Le sentiment de Jean Dutourd, de l’Académie française, quant à la compétence de ceux qui nous représentent et nous gouvernent est connu de tous : « La terre est peuplée d’une infinité d’imbéciles, lesquels choisissent dans leur sein quelques-uns d’entre eux pour les conduire, ce qui explique la plupart des tragédies ou « drames nationaux » dont l’histoire des démocraties est jalonnée. » Mais…, c’est un homme sincère, qui mérite certainement que l’on respecte l’exercice d’uchronie auquel il se livre dans Le feld-maréchal von Bonaparte (Paris, Flammarion, 1996).

Si Louis XV n’avait pas acheté la Corse à la République de Gênes en 1767… Si Louis XVI avait fait entrer le 13 juillet 1789 deux régiments de cavalerie à Paris… Si Napoléon, qui avait besoin d’argent, n’avait pas vendu aux américains la Louisiane en 1803… « L’Histoire est faite de détails fortuits… Elle ne sait jamais où elle va au moment où elle s’accomplit… Elle n’a ni fatalité ni morale… Elle est le résultat de passions irréfléchies, d’insuffisances, de défauts de caractère, de mollesse, de sottise… Il est impossible de prévoir la route qu’elle prendra, ni même, l’ayant prise, où cette route la mènera… Le plus grand génie n’arrive à rien sans l’occasion, et la plus belle occasion sans un homme pour l’exploiter n’est qu’une péripétie… »

Dans la vie des affaires, que serait aujourd’hui le monde si Bill Gates n’avait pas abandonné ses études à Harvard… Si Steve Jobs n’avait pas été licencié d’Apple… Si Ben Bernanke n’avait pas été président de la Réserve Fédérale en 2008… Quels sont les événements qui auraient pu se produire alors, et qui ne se produiront peut-être jamais, mais dont on ne peut sous-estimer l’éventuel impact sur notre devenir s’ils se produisaient demain ? « Things that haven’t happened are as interesting as those that have happened, because if there are “Known knowns” – things we know that we know – there are also “Known unknowns” – things we know that we don’t know – and “Unknown unknowns” – things we don’t know that we don’t know! » rappelle Donald Rumsfeld, Ministre de la Défense des Presidents Gerald Ford et George W. Bush.

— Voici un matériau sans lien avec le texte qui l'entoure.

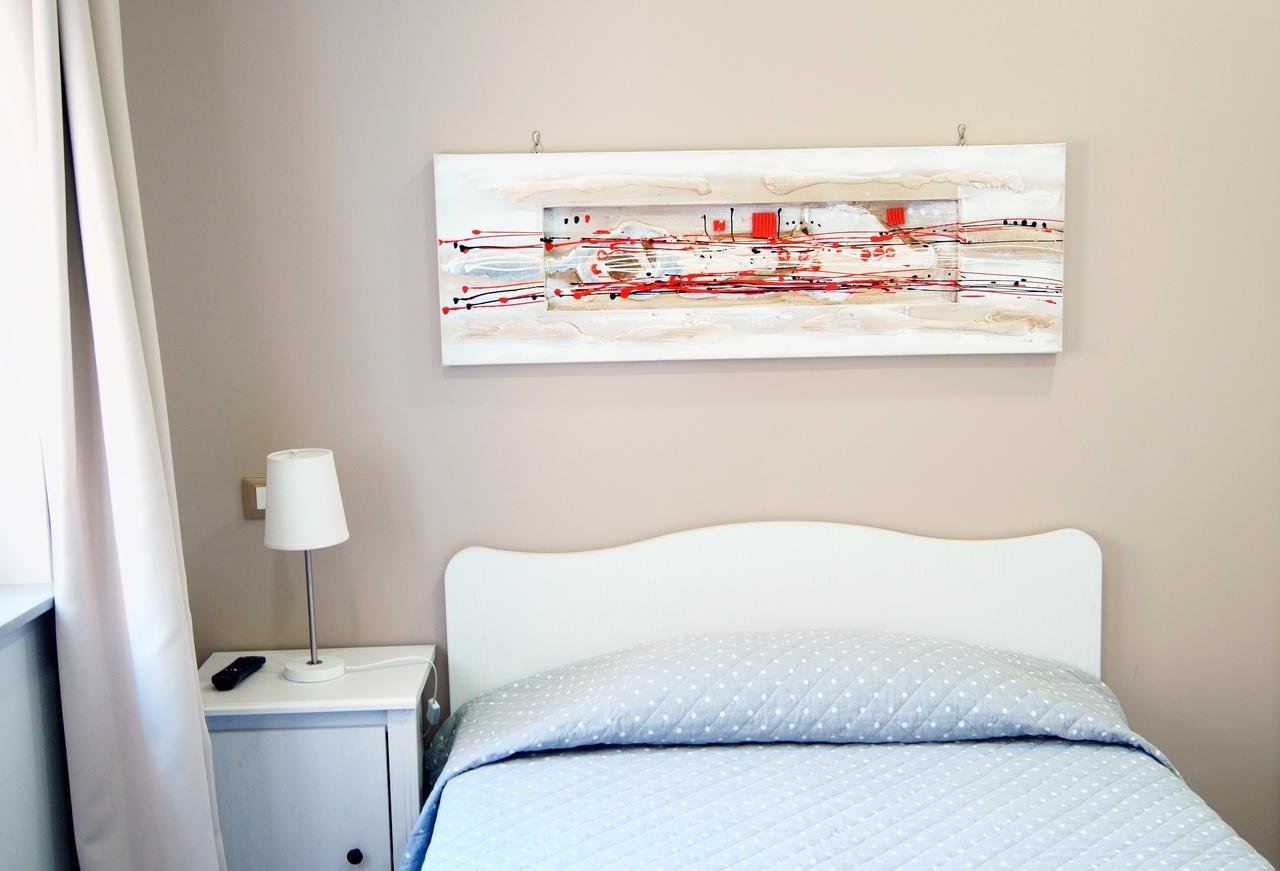 B&B San Trifone Adelfia Екстериор снимка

En supposant qu’il y en ait une…, la clé du devenir n’est donc que très rarement dans les événements passés, mais bien plutôt dans les événements « concurrents » qui, ne s’étant pas produits, pourraient s’ils se réalisaient demain en affecter l’accomplissement. L’important est donc nécessairement invisible, insensible, immatériel… Dans le domaine de l’investissement, et si l’on veut efficacement cerner et calibrer l’éventail des possibles, il est essentiel d’apprendre à entendre ce que ne disent pas les dirigeants ; à lire ce qui n’est pas écrit dans les états financiers et les rapports d’activité ; et à voir ce qui n’est pas explicité dans les modes d’organisation opérationnelle…

Ainsi, investir : c’est, avant toute autre chose, penser l’impensable, imaginer l’impossible, et paramétrer l’improbable !

Note : cette Note de marchés ne peut, ni ne doit, être considérée comme formulant, ou suggérant, le moindre conseil d’achat ou de vente de quelque produit financier que ce soit. Son seul objet est d’émettre un point de vue, et de le partager avec la communauté des investisseurs sceptiques, seuls responsables de leurs décisions.